THE DATA:
····················

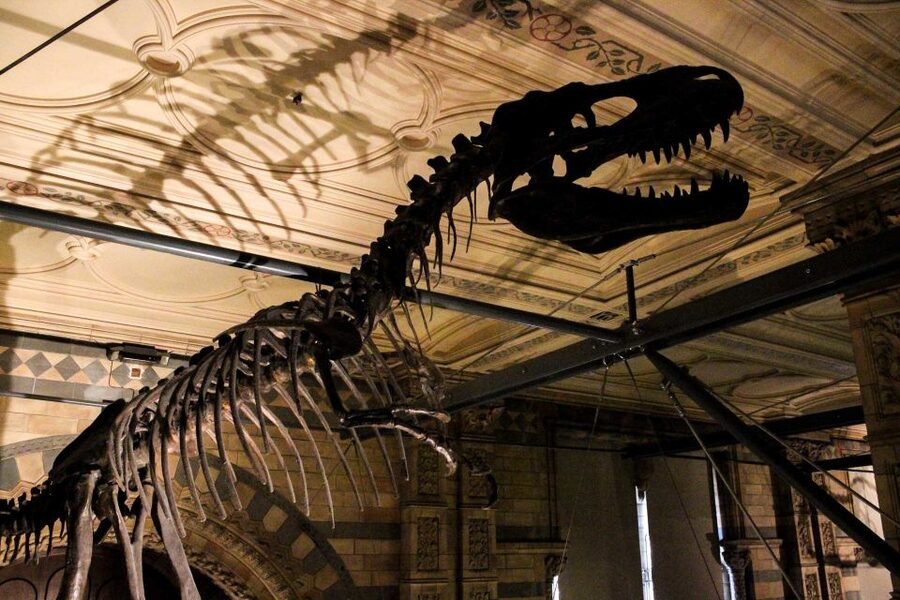 London: Natural History Museum Guided Tour - Archaeopteryx and the link between dinosaurs and birds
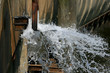 Wasser I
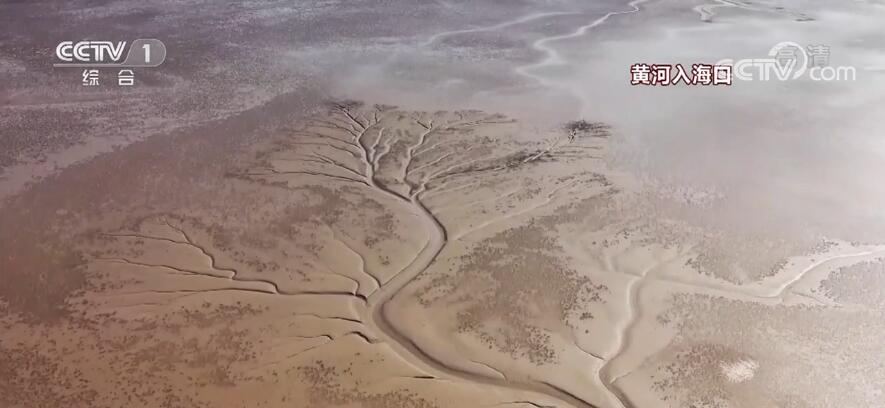 假期赏美景| 感受大美中国的锦绣山河_新闻频道_央视网(cctv.com)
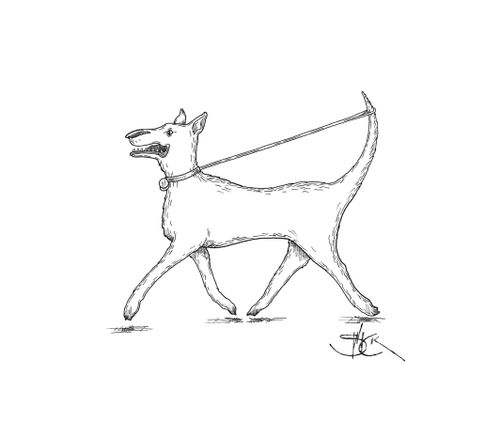 Self-walking dog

····················

WHAT YOU HAVE TO DO:
Only the lines from the one containing "假期赏美景| 感受大美中国的锦绣山河_新闻频道_央视网(cctv.com)" through the last line of the material are to be restated word for word; no picture is to be included.

ANSWER TO THIS EXERCISE:
 假期赏美景| 感受大美中国的锦绣山河_新闻频道_央视网(cctv.com)
 Self-walking dog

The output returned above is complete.